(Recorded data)
_ _ _ _
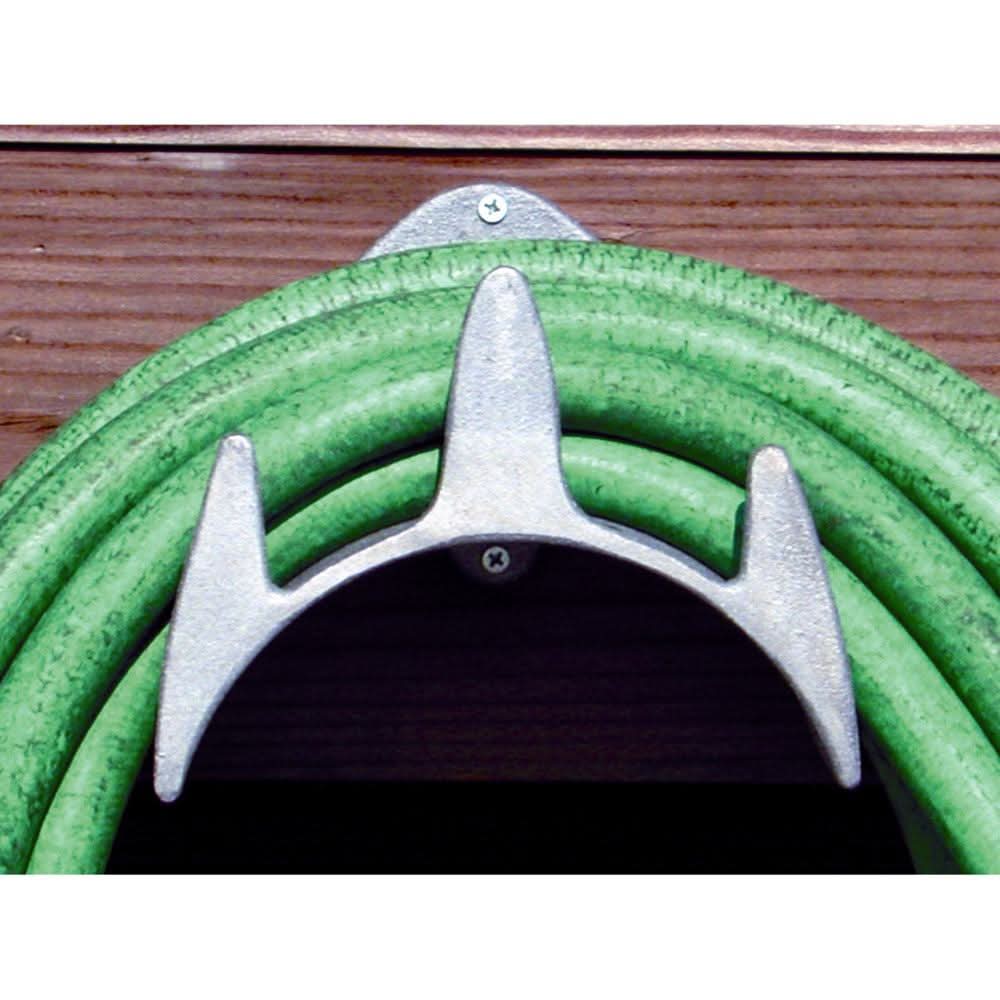 Schaefer Handi-Hanger mounted on wood holding coiled green hose in cockpit or stern pulpit.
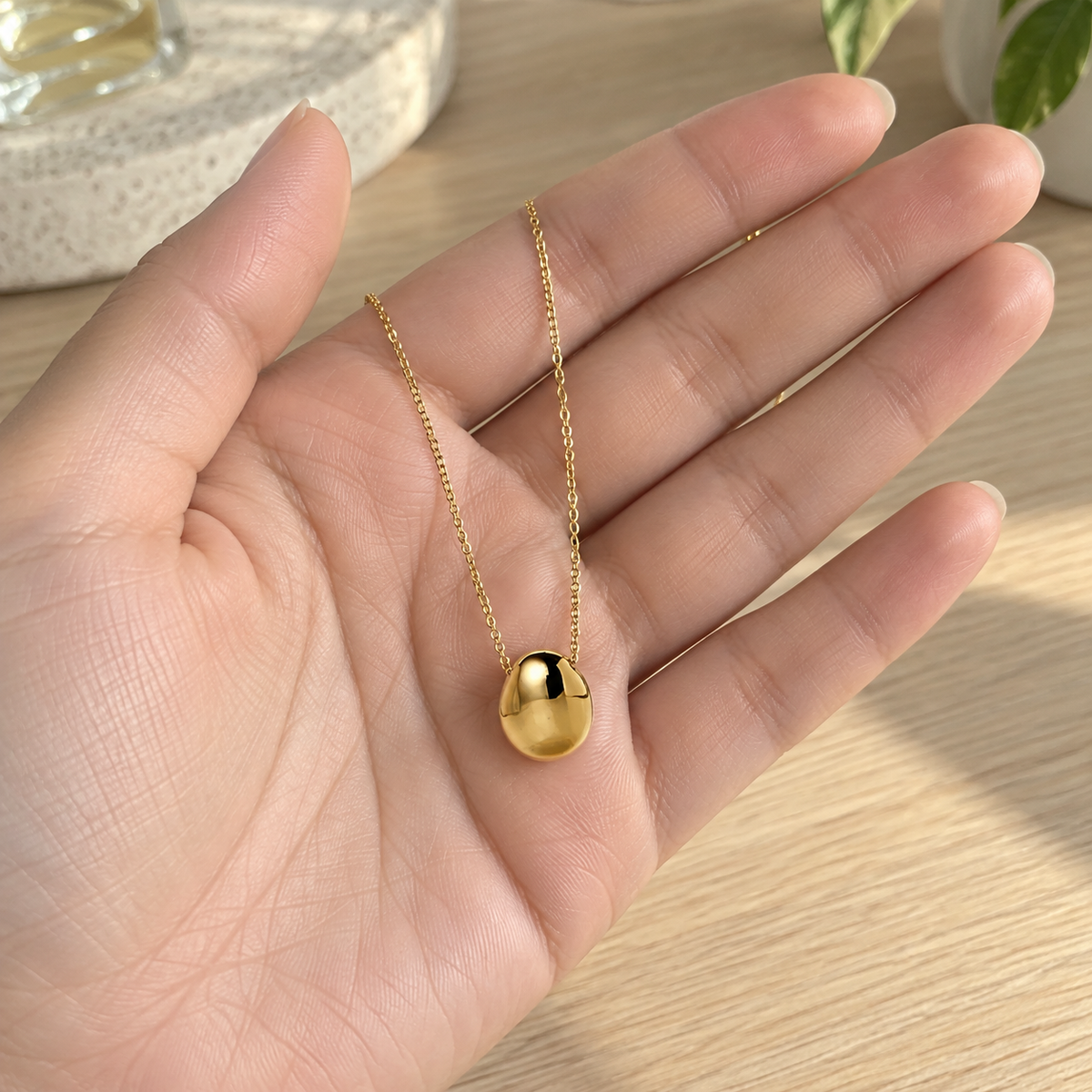 Gold Pebble Pendant Necklace held in an open hand for scale
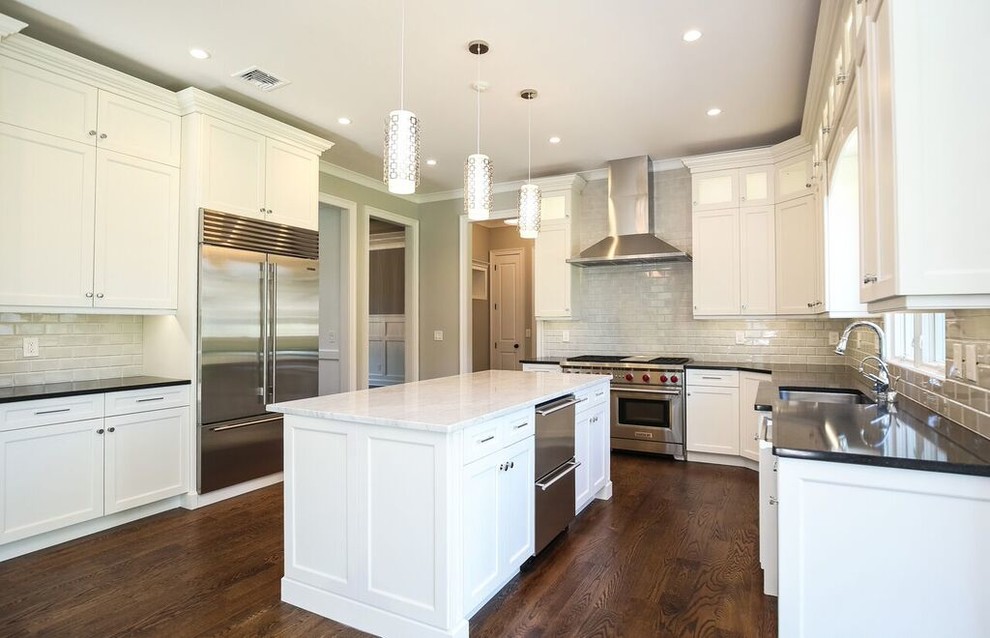 Photo of a mid-sized transitional l-shaped eat-in kitchen in New York with white cabinets, marble benchtops, stainless steel appliances, with island, ceramic splashback, dark hardwood floors, an undermount sink, recessed-panel cabinets and white splashback.
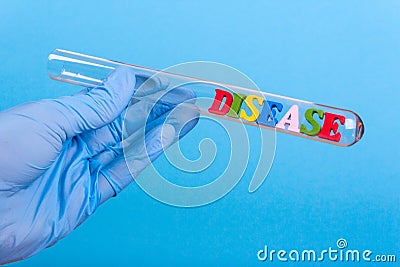 Word disease in test-tube holding a gloved hand Stock Photo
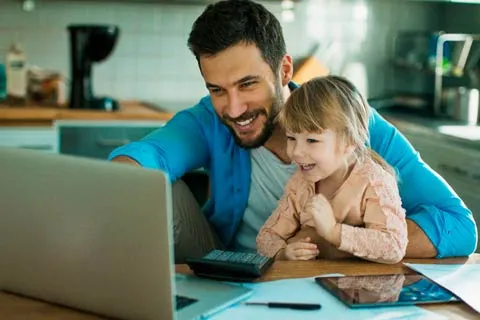 Father and daughter smiling while using laptop and tablet together at a wooden kitchen table.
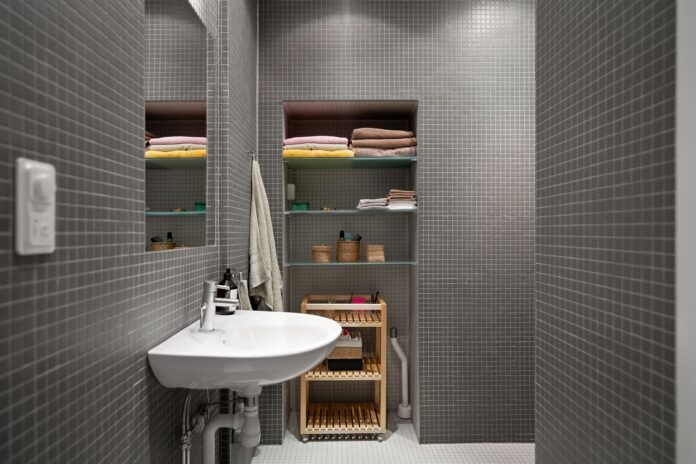 A sleek, modern bathroom showcasing minimalist design with functional shelving and clean aesthetics.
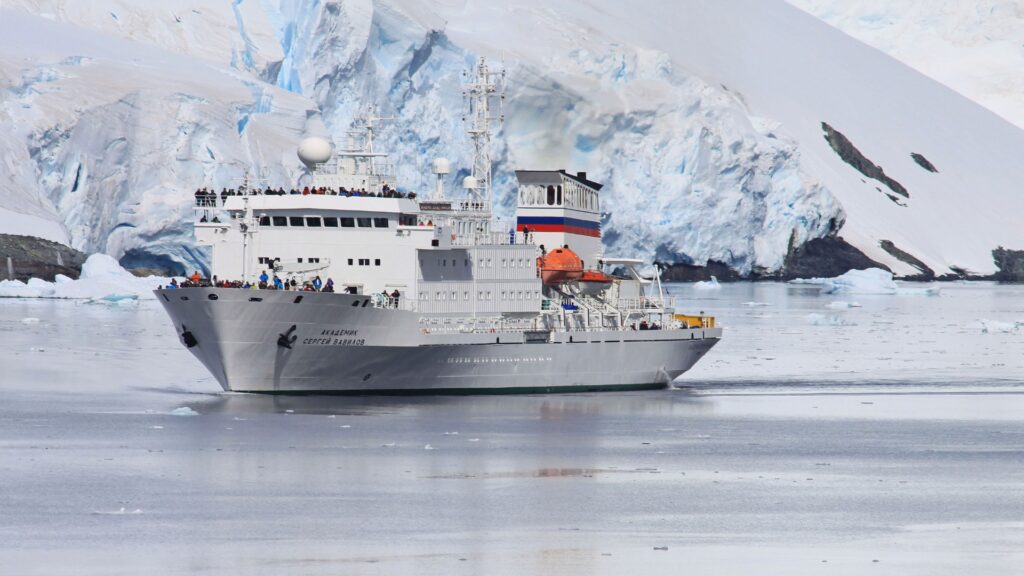 A sizable vessel floats in the frigid sea, representing the exploration efforts of the International Association of Antarctica Tour Operators.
_ _ _ _
With the pictures omitted, restate word for word the lines above from the line that has "Gold Pebble Pendant" up to and including the line that has "Father and daughter", and no other lines.

 Gold Pebble Pendant Necklace held in an open hand for scale
 Photo of a mid-sized transitional l-shaped eat-in kitchen in New York with white cabinets, marble benchtops, stainless steel appliances, with island, ceramic splashback, dark hardwood floors, an undermount sink, recessed-panel cabinets and white splashback.
 Word disease in test-tube holding a gloved hand Stock Photo
 Father and daughter smiling while using laptop and tablet together at a wooden kitchen table.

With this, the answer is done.